In the "Cult of Escapism": To the Mountains of Mordor

Friday, April 8, 2011

To the Mountains of Mordor


Thick grey clouds bubble over the distant mountaintops like boiling water over the rim of a pot. We’re headed straight for them and they seem to say, “Go ahead and try, white boy.” I think of Mordor and wonder if, after six hours of hiking straight up, my companion Mamerto will have to carry me, Sam and Frodo style, up the final leg.
Mamerto is the president of one of the farmer’s cooperatives that I work with (“The Coffee Guys”) and we are going deep into the Comarca to meet the members closer to home. Most of the members live three to nine hours away from Soloy and come down once a month to make coffee together and have a meeting. The March turnout was pitiful so I suggested that, instead of waiting a month and hoping for better results, we go to a location more convenient (for everyone except Mamerto and I). So we rode a truck until the road ended and then began what would be a four hour hike.

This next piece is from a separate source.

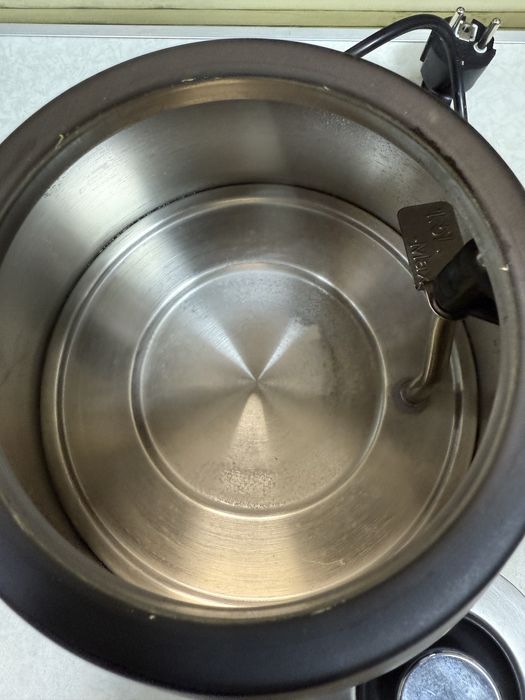 Ретро електрическа кана Livoo 2200w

A note about Ngöbe hiking  - all Ngöbes live in the mountains and must frequently hike multiple hours to do basic activities like visit other towns, buy rice, brush their hair, etc. When not attending the cooperative’s store in Soloy, Mamerto lives eight hours into the mountains and makes the trip at least once per month. So he’s pretty good at it. Like most Ngöbes, Mamerto carries no water, no food, and hikes in a pair of cheap plastic shoes with the breathability of garbage bags. He rarely stops and his sweating seems more like a polite gesture to me, rather than an uncomfortable strain for him.

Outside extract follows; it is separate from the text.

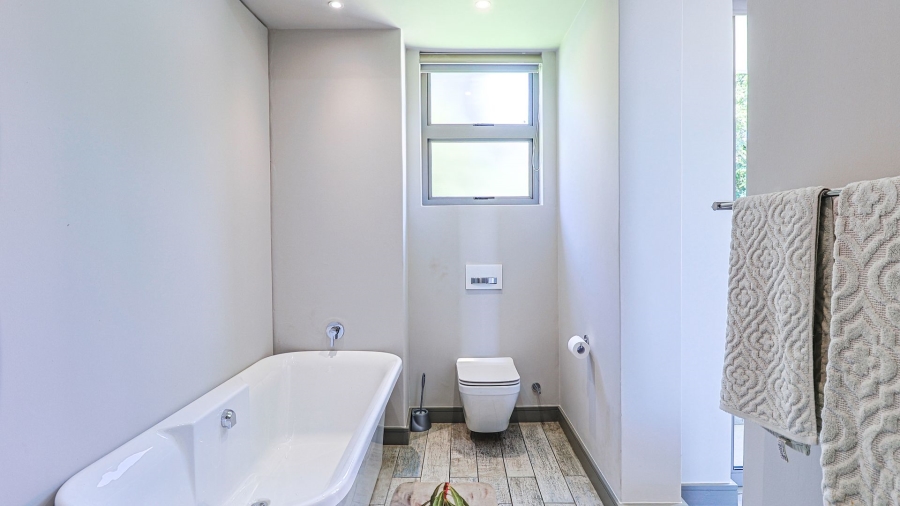 6 Bedroom Property for Sale in Waterkloof Estate Gauteng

In contrast – Me. Nalgene bottle full of treated water, bag of “Omega Optimized” trail mix, North Face hiking pants, and extra breathable, quick dry, hyper-intense-super-performance-maximizizing Asolo hiking boots.

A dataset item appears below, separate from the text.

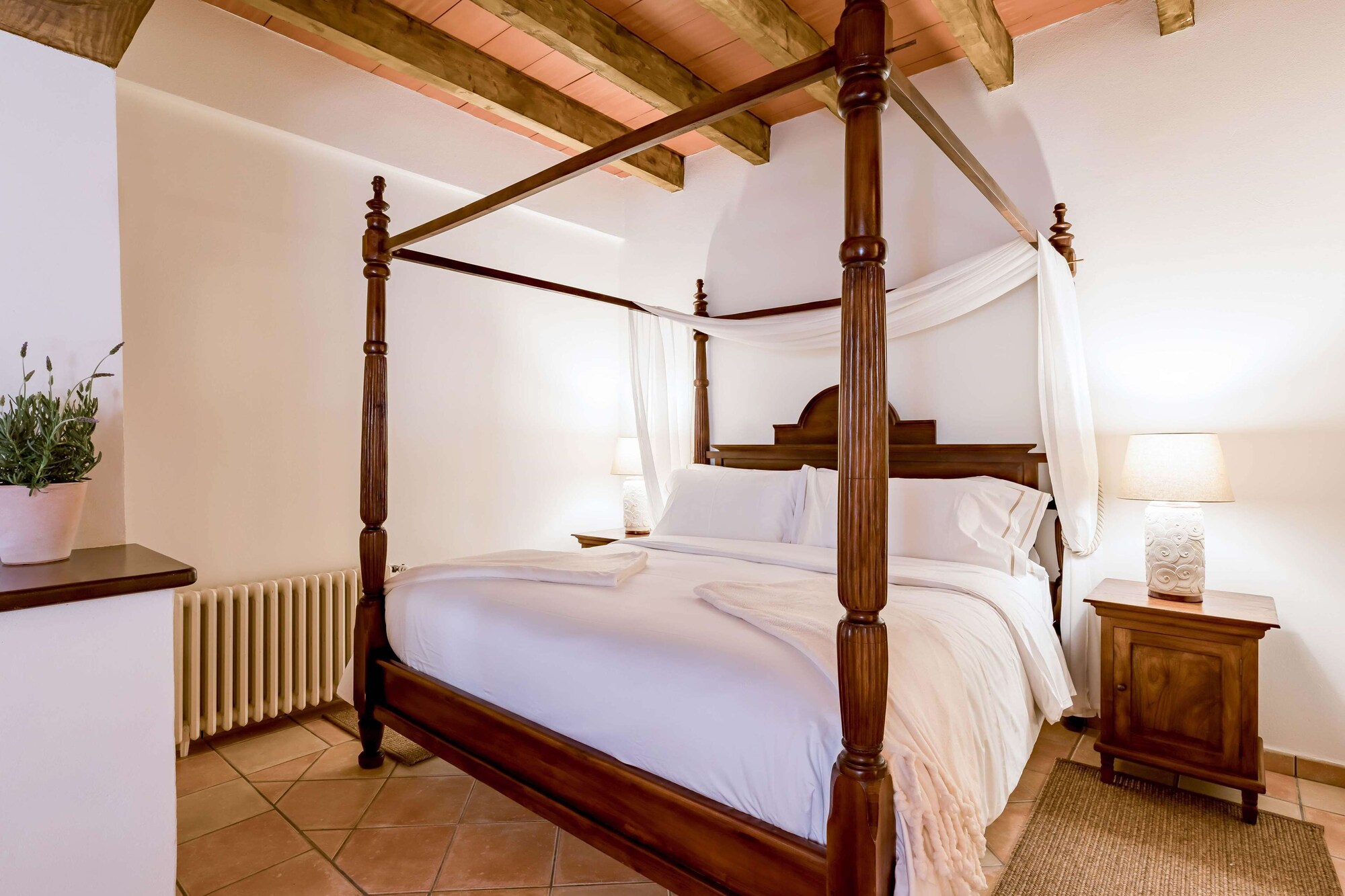 Style, Queen Bed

Fast forward three hours. Mamerto’s pace (fast) has not changed and we have stopped twice, though he did not sit down. He walks purposefully, like the Terminator looking for Sarah Connor. In tow – a clumsy-footed gringo sweating enough to drown a family of five. I’m still under the impression that we will hike for six total hours and I’m wondering what kind of shape I’ll be in after three more hours; will the hike end in the crater of an active volcano? Will I finally get rid of this increasingly heavy ring around my neck?
Fortunately for my trail mix and I, the hike is only four hours and Golem does not meet us at the top and bite our fingers off (ok I’ll stop with the Lord of the Rings references). We arrive at our host’s (the Vice President) house and finally sit down. Mamerto is yet to drink or eat anything since leaving and his fast continues until dinner four hours after our arrival. I, however, immediately fill what will be my fourth liter of water that day. The men keep asking me if I am tired and I act nonchalant, saying “I’m fine…it wasn’t that bad.” To prove it, I do 27 laps around the house at full speed.
Conference Room

Ok, that didn’t happen, but I did get a tour of the area and the nearby coffee farms (that’s another blog post).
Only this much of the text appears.